From the data below, copy exactly the lines that lie between the one holding "Milwaukee Weather Wind" and the one holding "割安高配当銘柄チャート", including both, and nothing more.

*** Opening of Records for processing ***

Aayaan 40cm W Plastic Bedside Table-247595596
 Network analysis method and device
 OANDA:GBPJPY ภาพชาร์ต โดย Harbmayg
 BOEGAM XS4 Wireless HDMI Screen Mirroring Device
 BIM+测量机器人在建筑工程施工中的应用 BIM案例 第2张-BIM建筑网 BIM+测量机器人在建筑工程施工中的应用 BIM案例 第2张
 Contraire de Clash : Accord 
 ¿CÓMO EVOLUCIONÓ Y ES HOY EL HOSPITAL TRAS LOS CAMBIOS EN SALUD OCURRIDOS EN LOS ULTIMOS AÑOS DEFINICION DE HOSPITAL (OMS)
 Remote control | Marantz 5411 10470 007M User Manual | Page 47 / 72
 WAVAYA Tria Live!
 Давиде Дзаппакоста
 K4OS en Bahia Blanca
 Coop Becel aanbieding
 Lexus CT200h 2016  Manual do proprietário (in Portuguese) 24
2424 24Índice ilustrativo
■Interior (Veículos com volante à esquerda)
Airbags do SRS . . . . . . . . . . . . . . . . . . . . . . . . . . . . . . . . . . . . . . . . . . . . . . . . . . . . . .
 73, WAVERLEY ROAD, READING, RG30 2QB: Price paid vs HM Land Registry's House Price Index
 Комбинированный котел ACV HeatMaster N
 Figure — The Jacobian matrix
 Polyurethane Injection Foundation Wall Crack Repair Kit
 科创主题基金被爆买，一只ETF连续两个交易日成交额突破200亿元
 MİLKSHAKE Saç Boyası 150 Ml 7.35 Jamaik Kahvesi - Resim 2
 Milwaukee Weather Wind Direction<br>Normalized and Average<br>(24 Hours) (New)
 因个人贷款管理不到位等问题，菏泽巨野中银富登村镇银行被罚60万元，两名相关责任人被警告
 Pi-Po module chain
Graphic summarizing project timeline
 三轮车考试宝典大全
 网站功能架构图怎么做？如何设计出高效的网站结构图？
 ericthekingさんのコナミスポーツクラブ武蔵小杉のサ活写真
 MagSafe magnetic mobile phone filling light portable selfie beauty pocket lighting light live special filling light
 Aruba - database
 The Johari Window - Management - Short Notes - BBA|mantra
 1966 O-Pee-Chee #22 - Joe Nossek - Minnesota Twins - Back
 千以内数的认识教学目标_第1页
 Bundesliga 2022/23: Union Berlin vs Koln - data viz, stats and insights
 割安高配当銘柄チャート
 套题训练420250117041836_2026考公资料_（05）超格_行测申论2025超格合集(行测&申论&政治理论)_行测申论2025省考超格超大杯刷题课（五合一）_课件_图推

*** Close of Records for processing ***

Task solution ▸
 Milwaukee Weather Wind Direction<br>Normalized and Average<br>(24 Hours) (New)
 因个人贷款管理不到位等问题，菏泽巨野中银富登村镇银行被罚60万元，两名相关责任人被警告
 Pi-Po module chain
Graphic summarizing project timeline
 三轮车考试宝典大全
 网站功能架构图怎么做？如何设计出高效的网站结构图？
 ericthekingさんのコナミスポーツクラブ武蔵小杉のサ活写真
 MagSafe magnetic mobile phone filling light portable selfie beauty pocket lighting light live special filling light
 Aruba - database
 The Johari Window - Management - Short Notes - BBA|mantra
 1966 O-Pee-Chee #22 - Joe Nossek - Minnesota Twins - Back
 千以内数的认识教学目标_第1页
 Bundesliga 2022/23: Union Berlin vs Koln - data viz, stats and insights
 割安高配当銘柄チャート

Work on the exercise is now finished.